Using this “trademark right,” you can stop anyone from using trademarks that are “identical” or “similar” to the trademark that was registered*. In other words, you can prevent the market from being flooded with counterfeit goods, imitation goods, or low-quality knock-offs that use a trademark that is “identical” or “similar” to the trademark that was registered.
* More precisely, you can stop anyone who does not have the right from using a trademark identical or similar to the registered trademark for designated goods or designated services.
Registering a trademark has the following four benefits.
1. A trademark can help gain the trust of your customers
If counterfeit goods are eliminated, customers can safely buy your goods and receive your services without worry. This also prevents your potential customers from unintentionally buying another company’s goods or services, thereby establishing the reliability and quality of your goods or services. As a result, customers will repeatedly purchase your goods or services.
2. A trademark can serve as a brand
If your business efforts result in the customers gaining trust in your goods or services, the trademark itself gains value as a brand. This trademark can then be used as a symbol to efficiently communicate your brand image.

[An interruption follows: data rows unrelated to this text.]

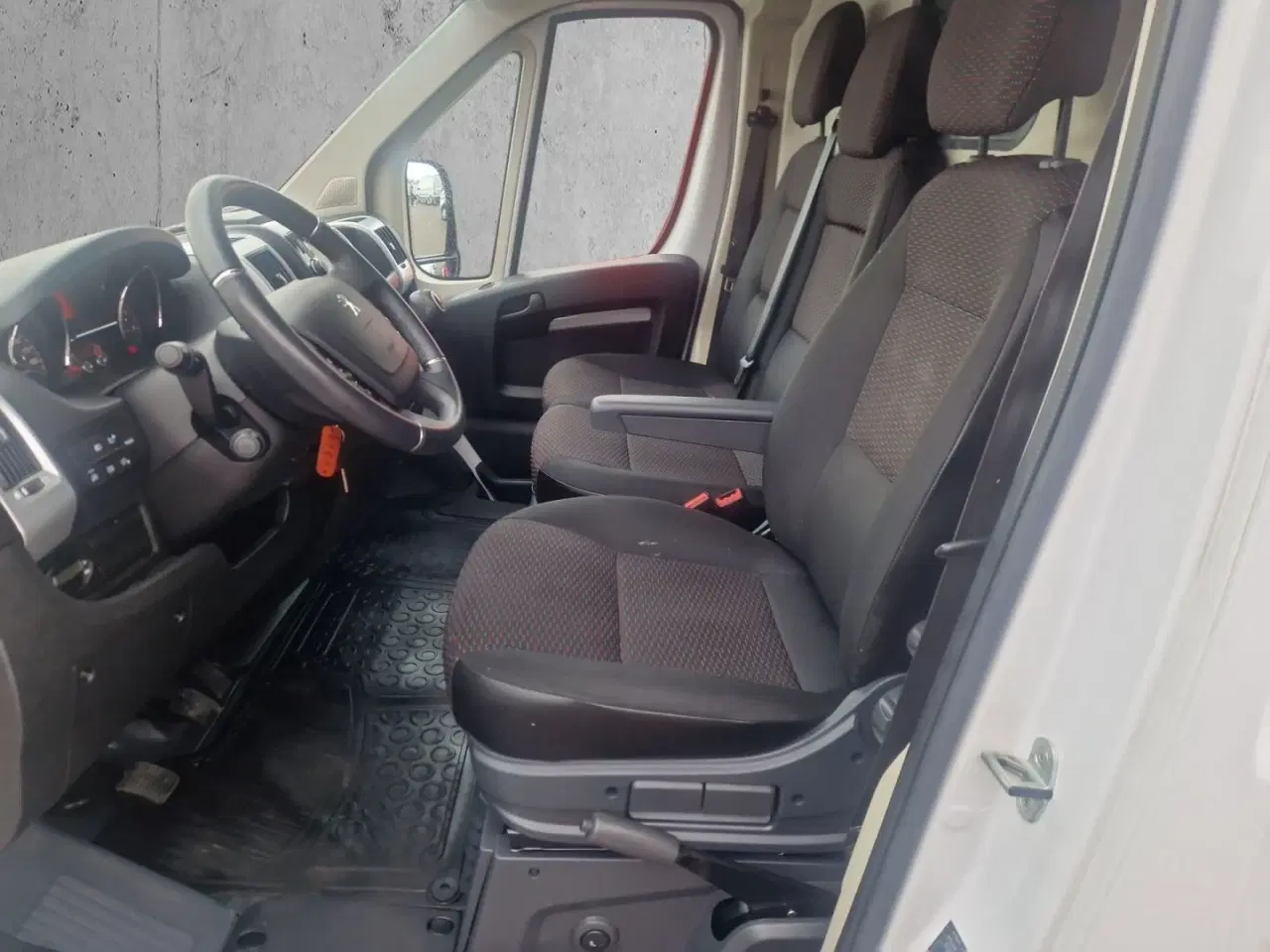 Billede 15 - Peugeot Boxer 333 2,2 BlueHDi 140 L2H2 Premium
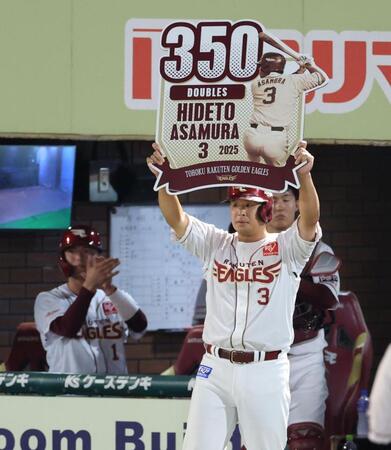 　適時二塁打で通算３５０二塁打を達成した浅村（撮影・金田祐二）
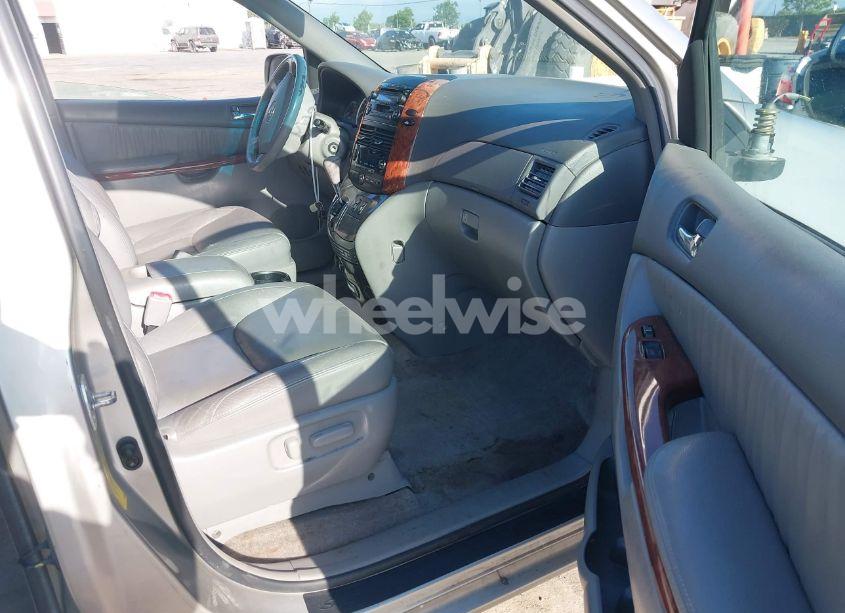 Photo 5 of 2005 Toyota Sienna XLE (VIN 5TDZA22C65S257126)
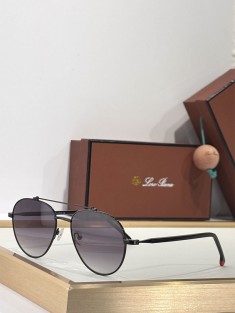 Солнцезащитные очки  Loro Piana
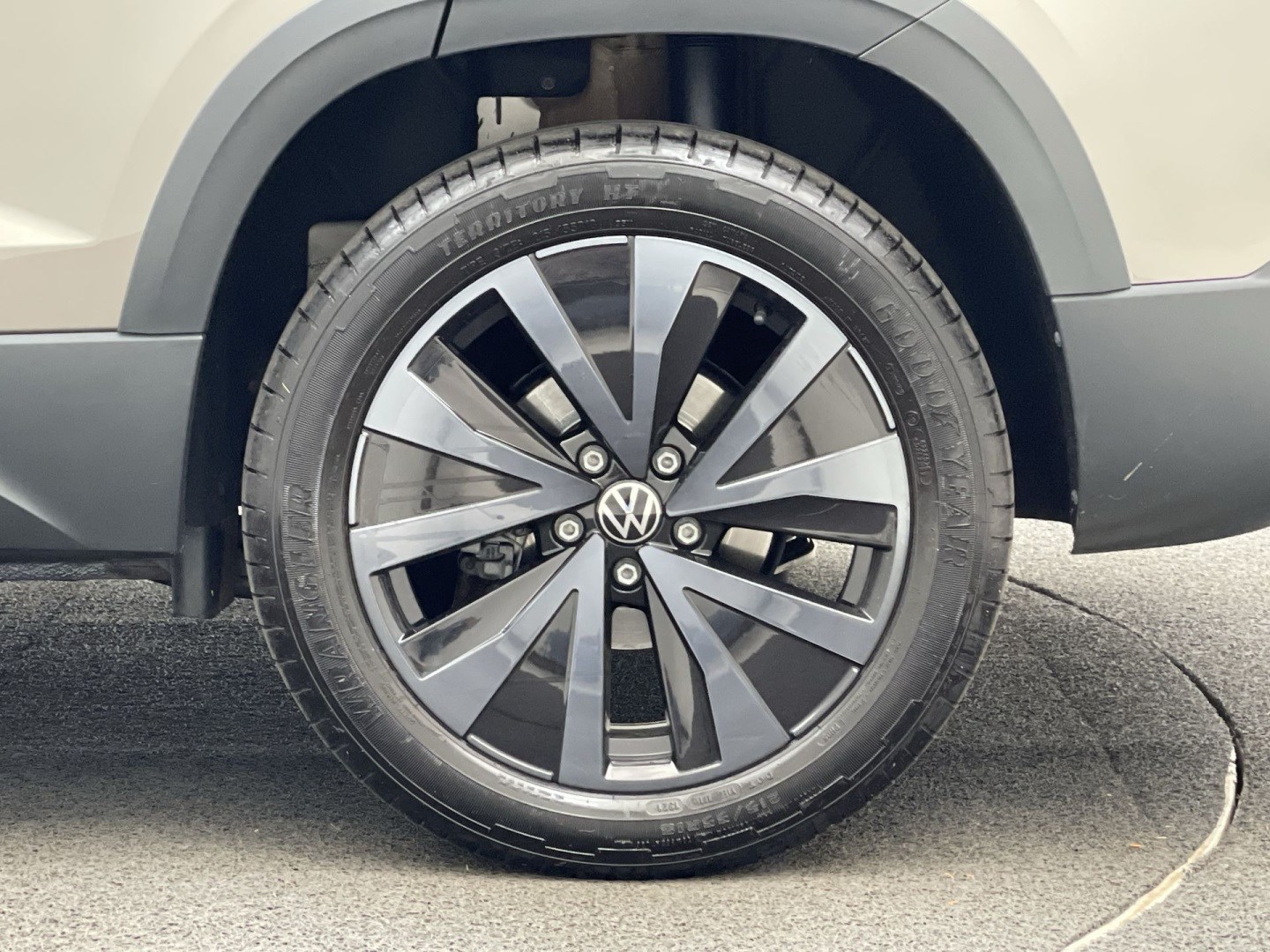 VOLKSWAGEN TAOS 1.4 250 TSI TOTAL FLEX HIGHLINE AUTOMÁTICO
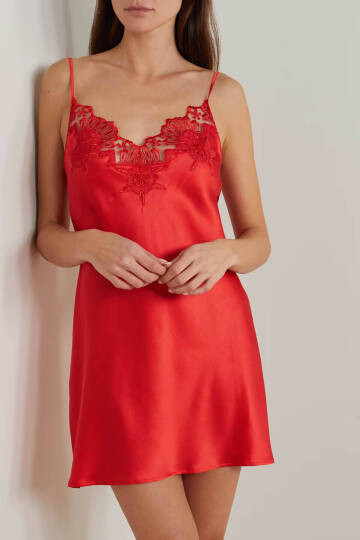 Örnek Ürün 5 - İlişkili Ürün (Kırmızı)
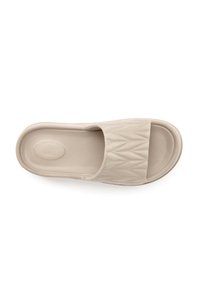 Beige Rutsch-Sandalette mit einer strukturierten Oberseite, die ein Zickzackmuster aufweist, flacher Sohle und glatter Oberfläche. Entworfen für Komfort und einfache Handhabung.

Famous trademarks appearing in commercials or magazines cause people to envision a company’s name, goods, and services at a single glance. It is much more difficult to communicate a brand image by explaining the techniques used in manufacturing your goods or explaining how your employees develop their skills.
3. A trademark can promote sales and expand your business
A trademark makes it easier to provide new goods or services. For example, Apple Inc. expanded their brand from the “iPod” to the “iPhone,” and then to the “iPad,” enabling them to achieve good sales of a new product right from the start.
A trademark can also be used to expand your business with a franchise. A franchise enables you to give someone else the right (license) to use your trademark. If your trademark is trusted by your customers, there would be many potential business owners interested in starting a franchise that would benefit from the reputation of your trademark. If you do not have a registered trademark, however, it would be difficult to attract potential business owners to open a franchise for you.
By obtaining a Japanese trademark registration and also registering that trademark in other countries, your business can expand worldwide while using the same trademark. On the other hand, since each country requires a separate trademark registration, there could be various obstructions to future expansion worldwide if you do not quickly obtain the trademark rights.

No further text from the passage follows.